How to prove an recurrence formula?

- Substitution method: Guess the anser and proof it by mathematical induction
- Recursion tree: Build a tree with the nodes denoting the fixed cost and children denotes recurred functions. Then sum up all nodes after the tree is complete
- Using master theorem: For solving \(T(n)=aT(n/b)+f(n)\)

Master theorem: Let \(T(n)=aT(n/b)+f(n)\) where \(a\ge 1\) and \(b>1\). The term \(n/b\) in the formula can also be \(\textrm{ceil}(n/b)\) and \(\textrm{floor}(n/b)\). \(T(n)\) is defined on non-negative integers. Then,

- If \(f(n)=O(n^{\log_b a-\epsilon})\ \exists\epsilon>0\) then \(T(n)=\Theta(n^{\log_b a})\)
- If \(f(n)=\Theta(n^{\log_b a})\) then \(T(n)=O(n^{\log_b a}\log_2 n)\)
- If \(f(n)=\Omega(n^{\log_b a+\epsilon})\ \exists\epsilon>0\) and \(af(n/b)\le cf(n)\ \exists c<1\ \forall n>n_0\) then \(T(n)=\Theta(f(n))\)

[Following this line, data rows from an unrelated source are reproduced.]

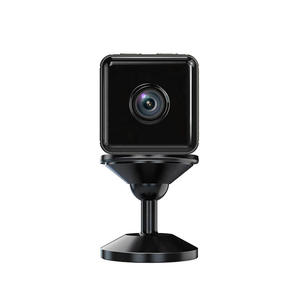 Cube <b>Mini</b> WiFi <b>Camera</b> 1080P <b>Wireless</b> Home Security Sport Cam Night Vision TF Card Indoor <b>Camera</b> Sport <b>Camera</b> - Product Image 3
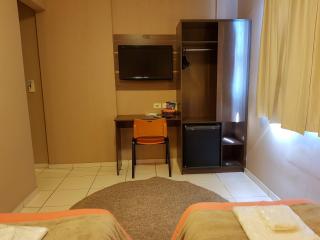 Astro Hotel - São José dos Campos - 7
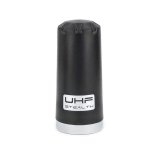 Rugged Radios Stealth Tuned Low Profile Antenna for GMRS and UHF Non-Ground Plane thumbnail 1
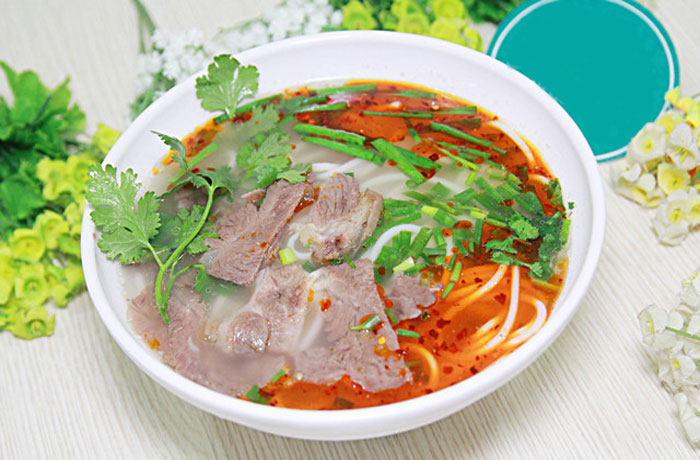 驻马店羊肉粉培训
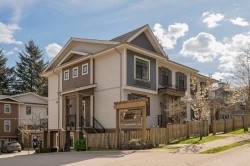 15-1818 Harbour Street  Port Coquitlam, BC V3C 0E8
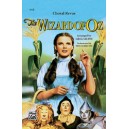 The Wizard Of Oz: Choral Revue (Choral Book - SAB)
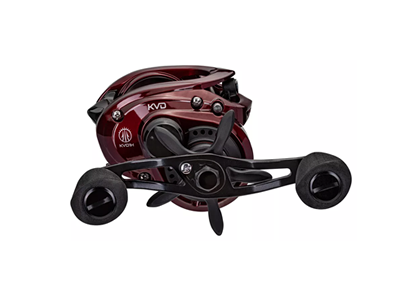 Lew's KVD Baitcast Reel 7.5:1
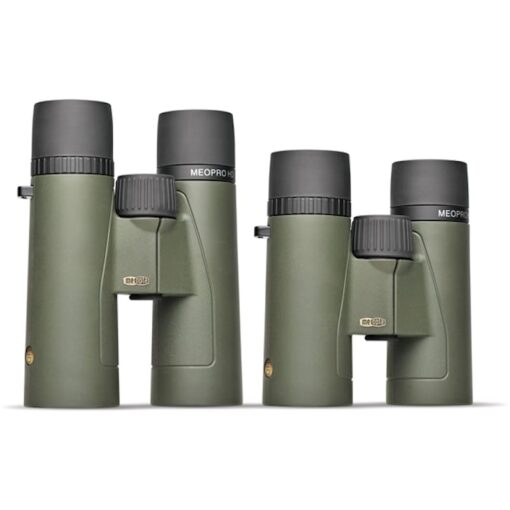 Verrekijker Meopta MeoPro HD 10x42 - Afbeelding 3
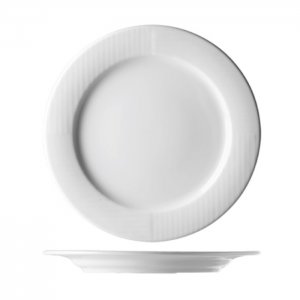 Diana talíř mělký 25 kalibrovaný 580 g s tolerancí +- 10 g G. Benedikt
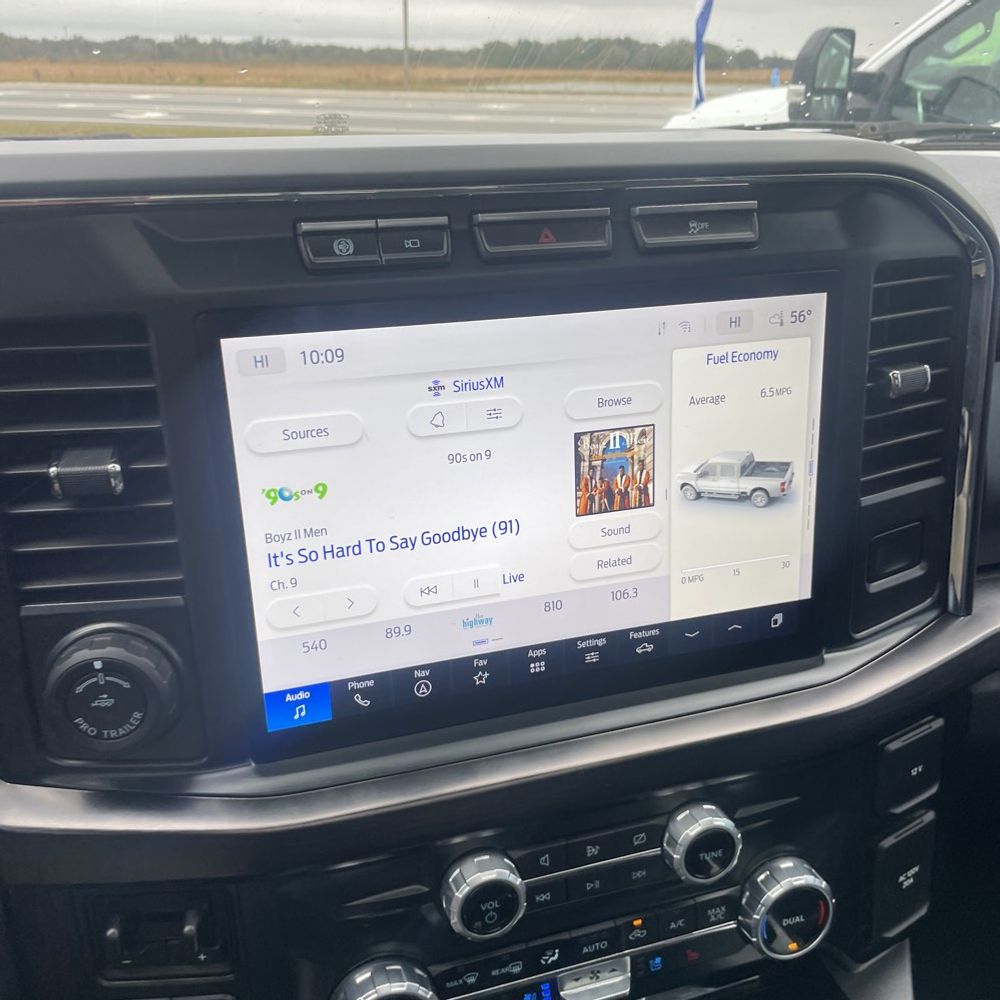 2023 Ford F-250 Super Duty Lariat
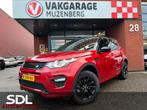 Land Rover Discovery Sport 2.0 Si4 Anniversary // HALF LEDER, Automaat, 12 maanden, 1821 kg, Gebruikt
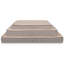 Jungolica Orthopedic Memory Foam Pet Bed-101111113-101111111
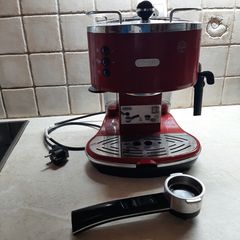 καφετιέρα espresso Delonghi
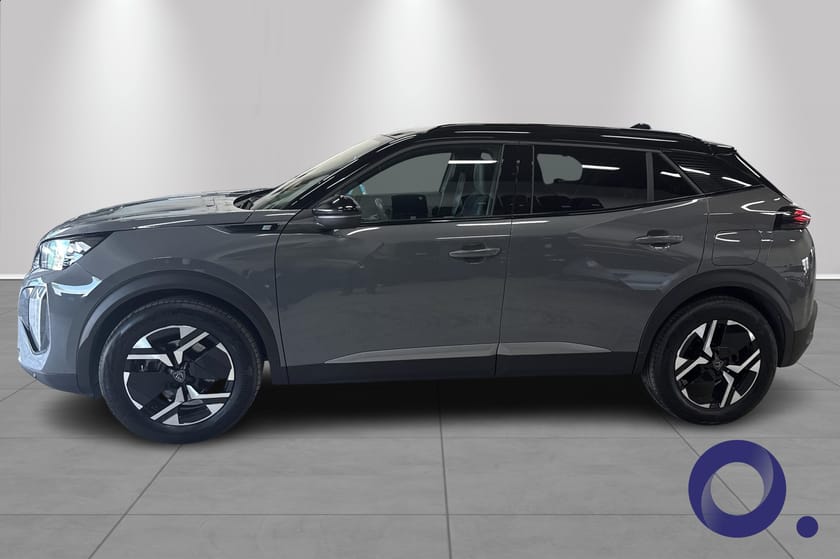 Bilde 4 av Peugeot e-2008 GT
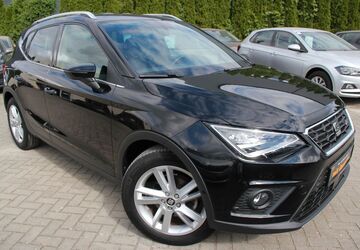 Seat Arona 42.762 km 17.490 &euro; Falkensee 14612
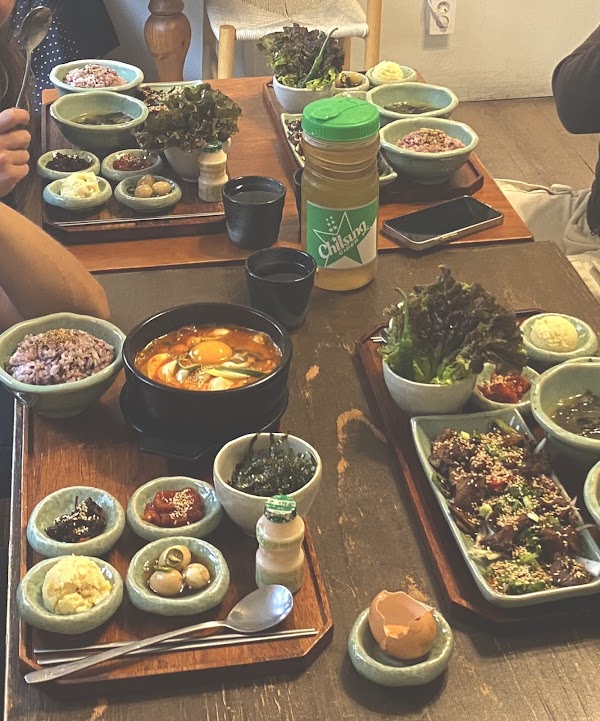 민들레식당 5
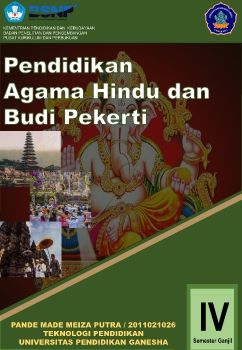 buku agama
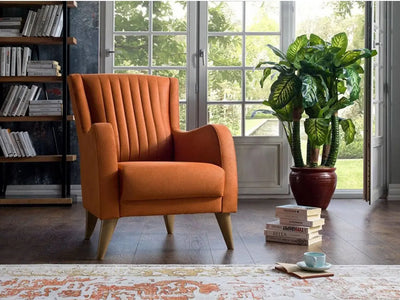 Stewart Living Room Set + 3 Free Cushions - Homzy
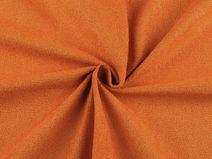 Oděvní semišová kůže elastická METRÁŽ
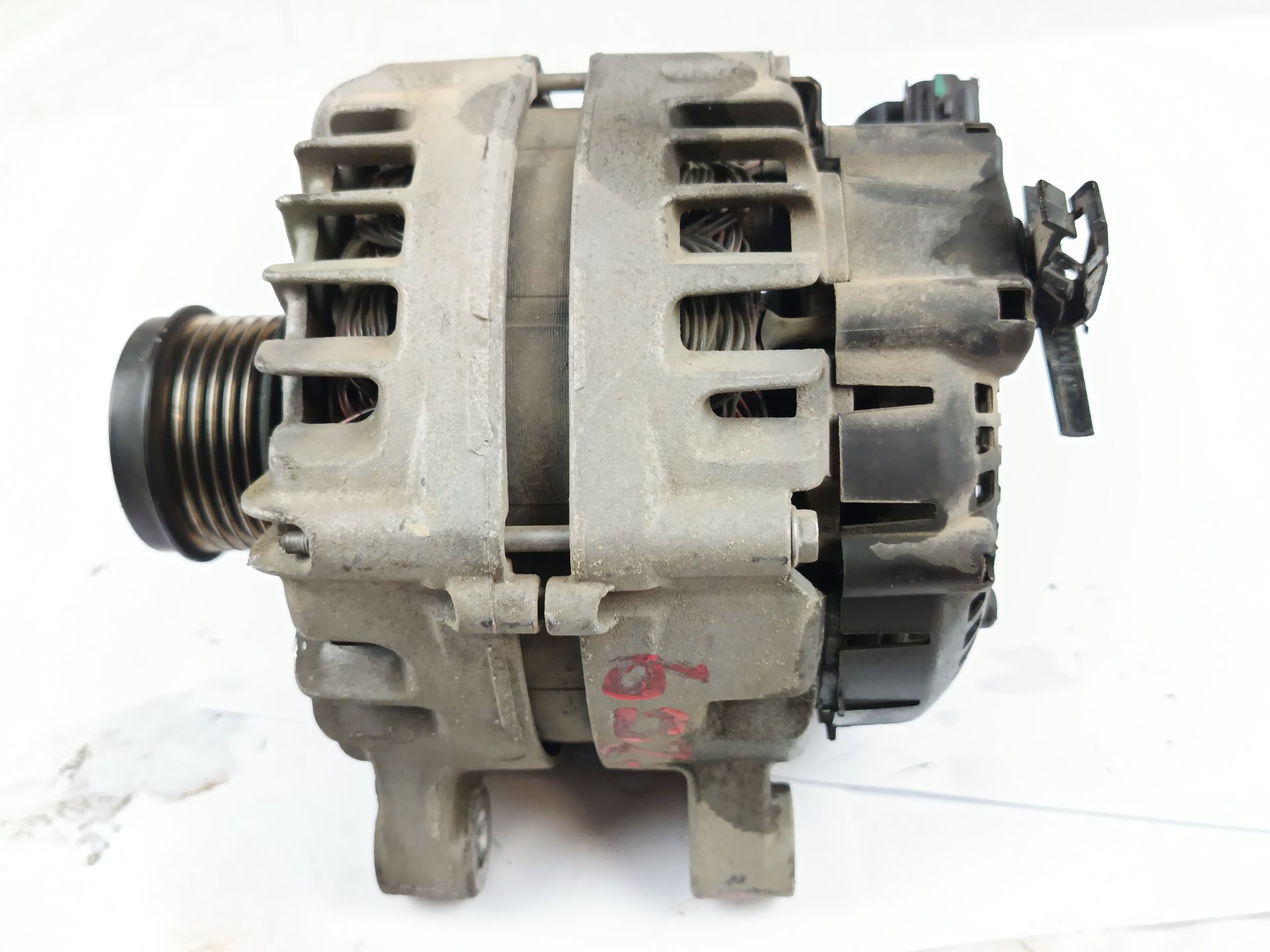 alternador citroËn berlingo multispace Foto 3 alternador citroËn berlingo multispace Foto 3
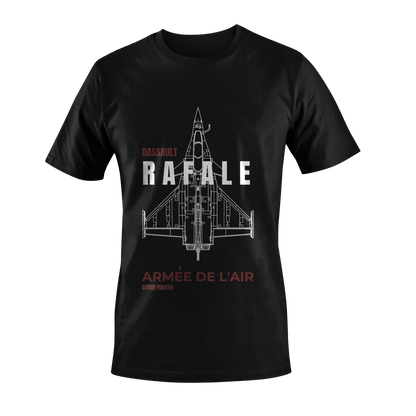 DASSAULT RAFALE|TEE SHIRT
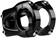 ENVE Composites Alloy Mountain Stem - 35mm, 31.8mm, 0 deg, 1-1/8", Alloy, Black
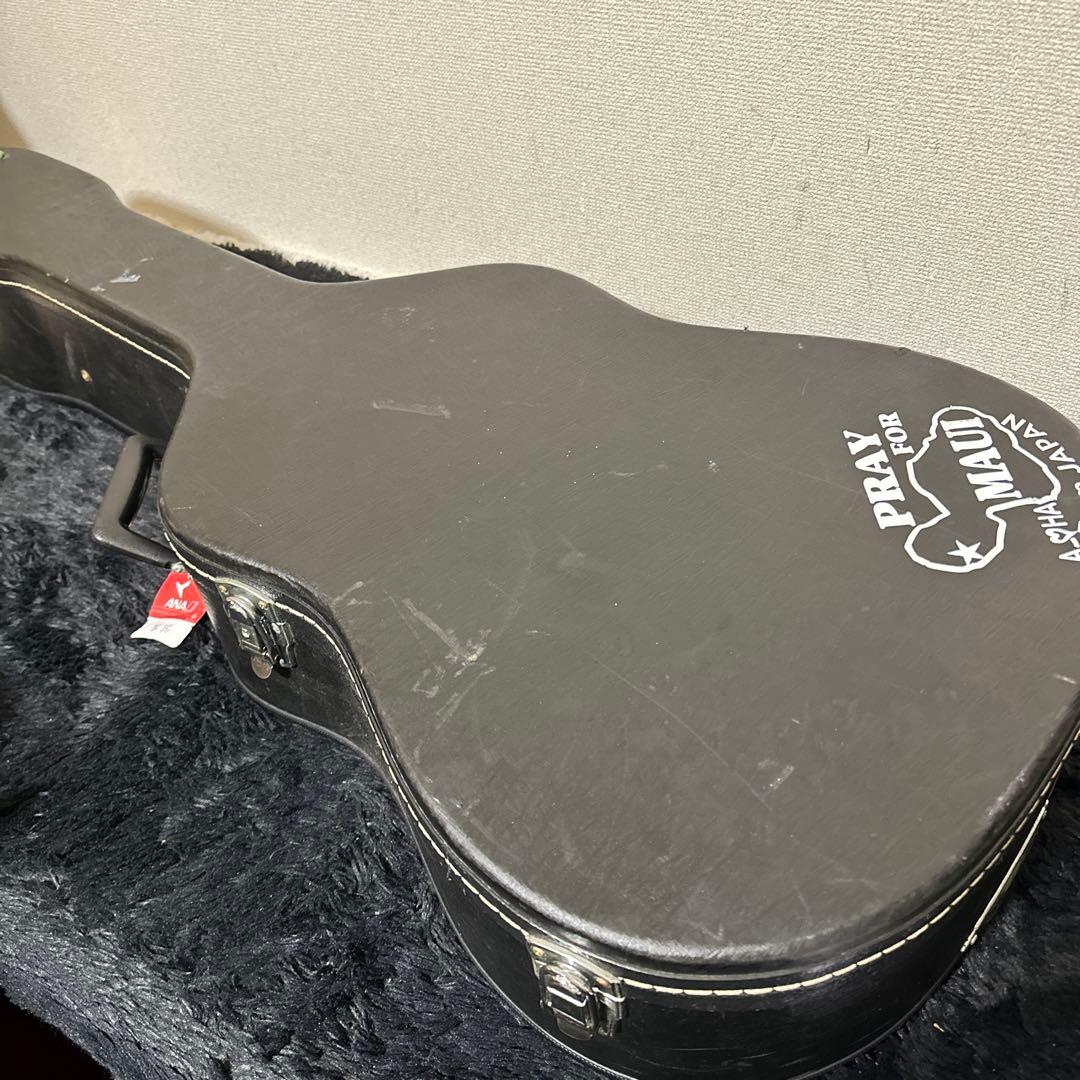 YAMAHA L-5 前期モデル アコースティックギター ハードケース付属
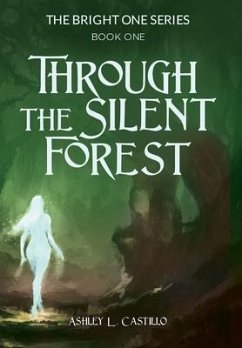 Cover Through the Silent Forest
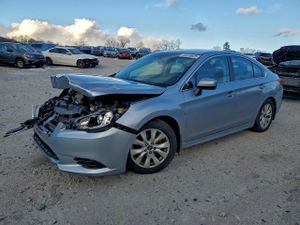 Subaru Legacy 2.5I PREMIUM 2.5L 4 2015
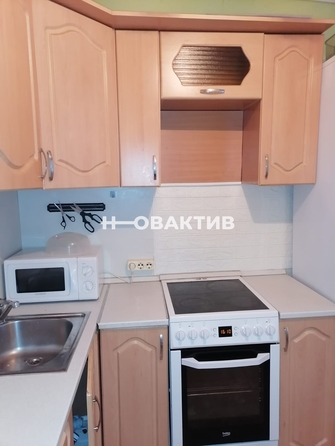 
   Продам 2-комнатную, 43.7 м², 

. Фото 5.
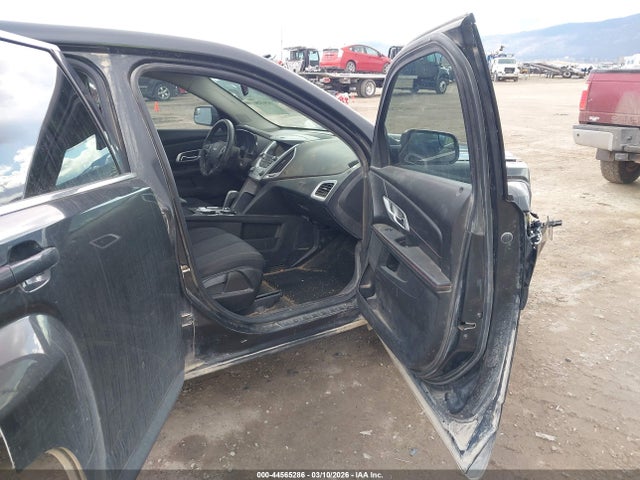 Aukcja sprzedaży 2014 Gmc Terrain Sle-1, vin: 2GKFLVEK0E6135491, numer aukcji: 44565286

Interpretation of the master theorem: The recursion \(T(n)=aT(n/b)\) gives \(\Theta(n^{\log_b a})\). Thus if the recursion part dominates, the solution is this. But if the \(f(n)\) part dominates, the result is as \(f(n)\). If both parts weigh equally, both appears in the result. The proof is in section 4.4.

# Chapter 5

## Calculating probability using indicator variable

Let \(I_A\) be an indicator (0 or 1) of event \(A\) happened. Then the expected value of \(I_A\) equals to the probability of \(A\).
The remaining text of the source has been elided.